Par jugement du 30 octobre 2014, confirmé par un arrêt rendu par la cour d’appel de Chambéry le 23 novembre 2015, le juge aux affaires familiales du tribunal de grande instance de Chambéry a notamment :
— fixé à 650 euros le montant de la contribution mensuelle à l’entretien et l’éducation de Mme [C] [E] mise à la charge de M. [Y], et ce à compter du 12 mai 2014,
— rappelé que la pension alimentaire restera due au-delà de la majorité de l’enfant sur justification par le parent qui en assume la charge que l’enfant peut normalement subvenir lui-même à ses besoins, notamment en raison de la poursuite d’études,
— indexé le montant de la pension alimentaire selon les modalités habituelles,
— condamné en tant que de besoin M. [Y] à payer à Mme [E] chaque mois d’avance, au plus tard le 5 de chaque mois, la contribution alimentaire fixée ainsi que les majorations résultant du jeu de l’indexation, douze mois sur douze,
— constaté l’accord des parents pour que les frais médicaux et paramédicaux restant à charge soient pris en charge par moitié par chacun d’eux.

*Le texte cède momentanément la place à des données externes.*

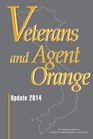 Veterans and Agent Orange Update 2014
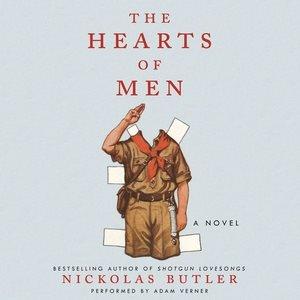 The hearts of men : a novel / Nickolas Butler.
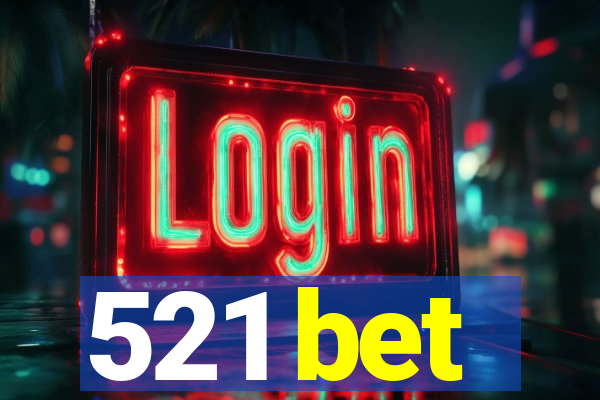 521 bet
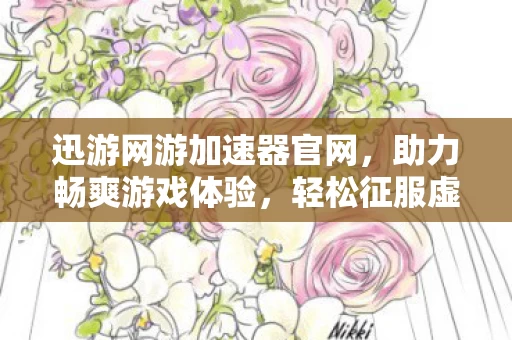 迅游网游加速器官网,助力畅爽游戏体验,轻松征服虚拟世界 迅游网游加速器官网,助力畅爽游戏体验,轻松征服虚拟世界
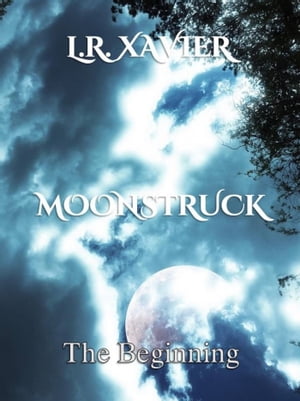 ŷKoboŻҽҥȥ㤨Moonstruck: The BeginningŻҽҡ[ L.R. Xavier ]פβǤʤ109ߤˤʤޤ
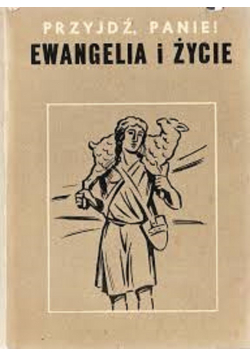 Przyjdź Panie Ewangelia i życie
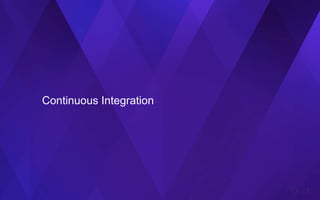 Continuous Integration
 
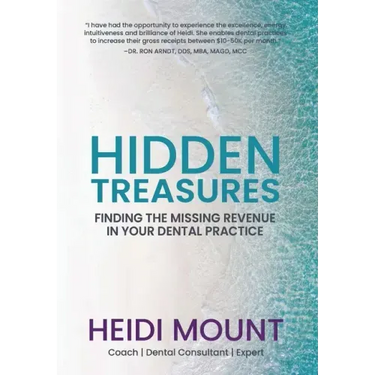 Hidden Treasures: Finding the Missing Revenue in Your Dental Practice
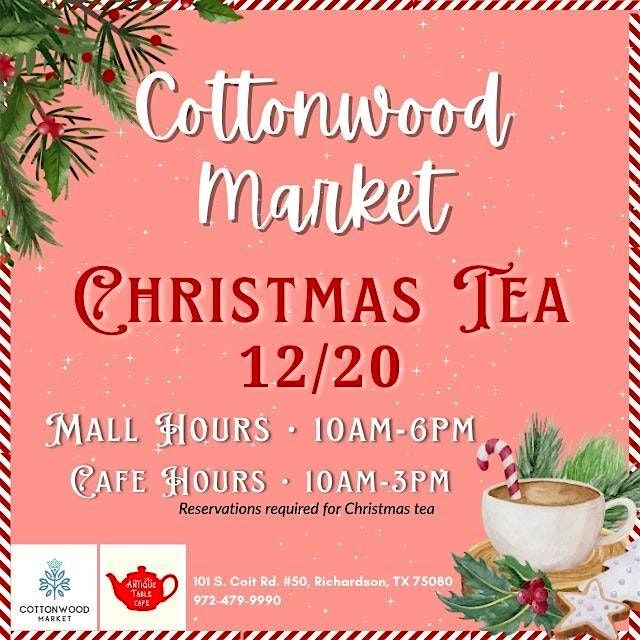 Cottonwood Market Christmas Tea, 20 December | Event in Richardson | AllEvents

Par jugement du 9 novembre 2017, le juge aux affaires familiales du tribunal de grande instance de Chambéry a notamment :
— fixé, à compter du 27 février 2017, à 550 euros le montant mensuel de la part contributive à l’entretien et l’éducation de l’enfant que le père devra verser à l’autre parent et au besoin l’a condamné à la payer,
— indexé le montant de la pension alimentaire selon les modalités habituelles,
— dit que cette pension sera payée d’avance sans frais pour la mère et qu’elle sera due douze mois sur douze, tant que l’enfant ne sera pas majeure et au-delà, tant qu’elle restera à sa charge.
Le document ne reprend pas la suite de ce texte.